> [EXERCISE]: Output, exactly as written, the lines below from the one that has "May include: A" through the one that has "allesoky Bed Frame"; nothing else, and no pictures.

> [EXTRACTED MATERIAL]:

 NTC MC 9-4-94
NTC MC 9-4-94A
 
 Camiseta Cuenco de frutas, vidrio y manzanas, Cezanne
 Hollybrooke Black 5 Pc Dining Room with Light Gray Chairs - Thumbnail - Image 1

==

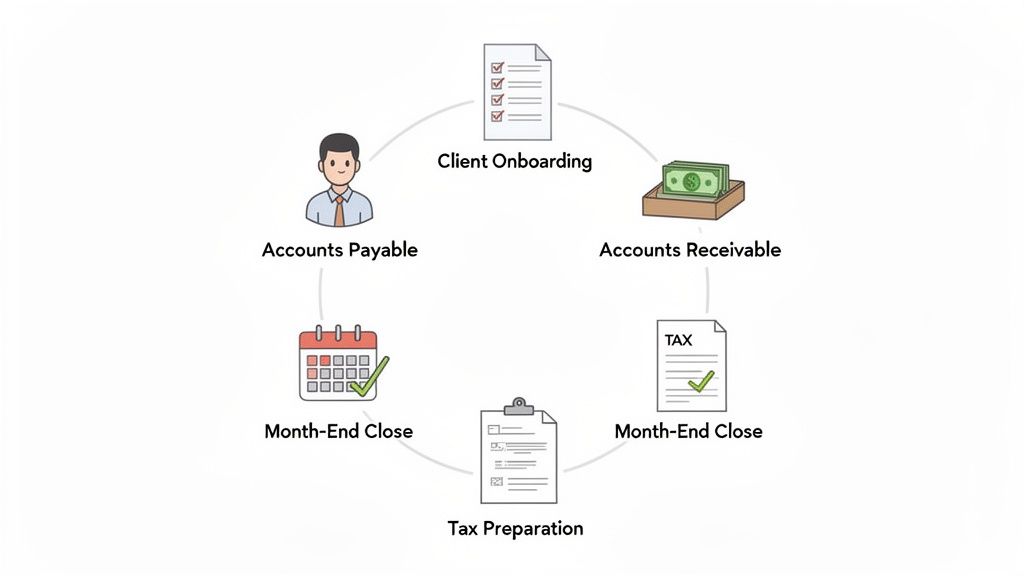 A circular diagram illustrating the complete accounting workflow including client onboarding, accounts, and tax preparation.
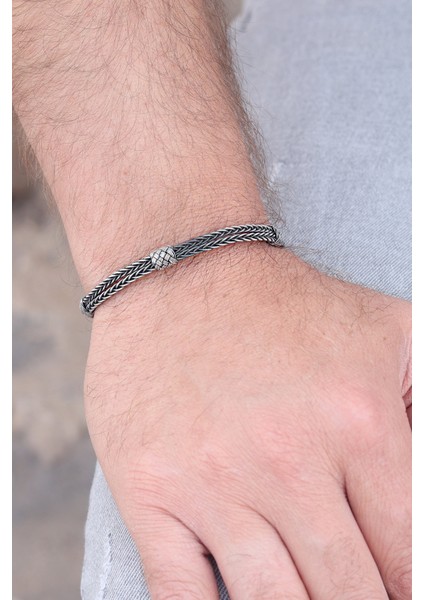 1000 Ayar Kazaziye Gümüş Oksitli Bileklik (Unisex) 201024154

==

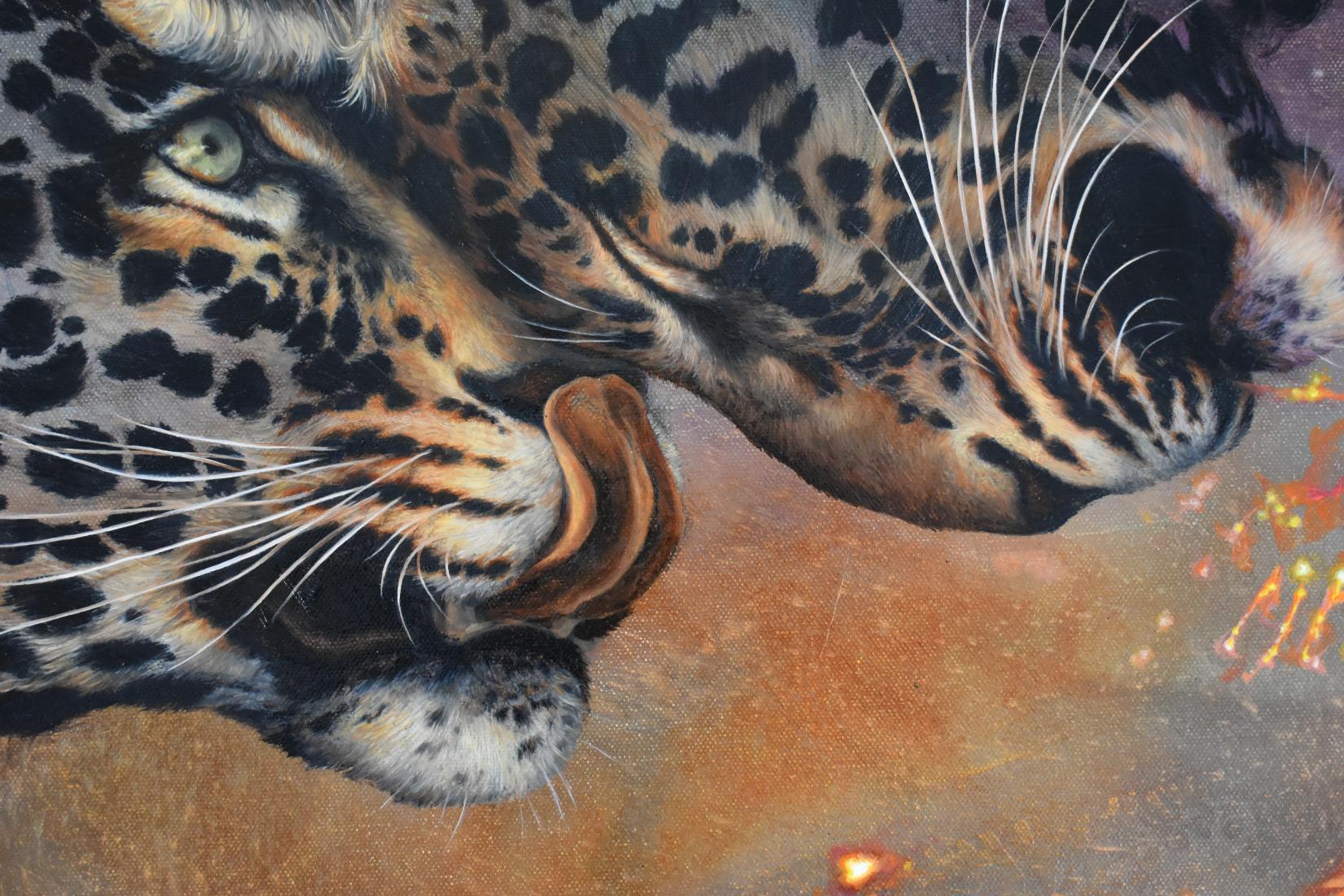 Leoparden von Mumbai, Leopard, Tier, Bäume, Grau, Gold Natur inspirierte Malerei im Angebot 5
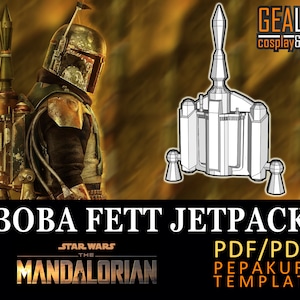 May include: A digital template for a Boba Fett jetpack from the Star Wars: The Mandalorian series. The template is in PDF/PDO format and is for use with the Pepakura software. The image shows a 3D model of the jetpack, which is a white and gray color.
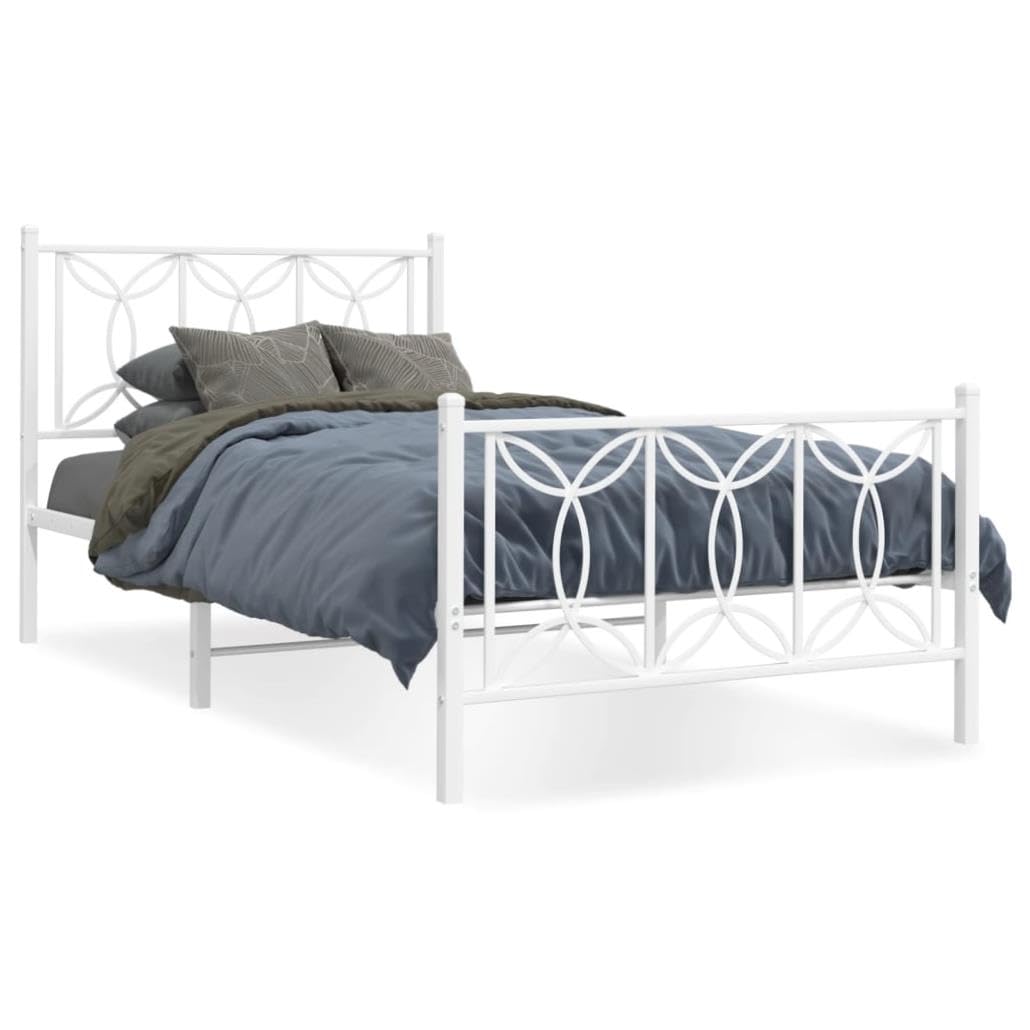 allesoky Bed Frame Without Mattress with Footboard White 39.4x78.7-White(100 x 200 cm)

> [SOLUTION TO THIS EXERCISE]:
 May include: A digital template for a Boba Fett jetpack from the Star Wars: The Mandalorian series. The template is in PDF/PDO format and is for use with the Pepakura software. The image shows a 3D model of the jetpack, which is a white and gray color.
 allesoky Bed Frame Without Mattress with Footboard White 39.4x78.7-White(100 x 200 cm)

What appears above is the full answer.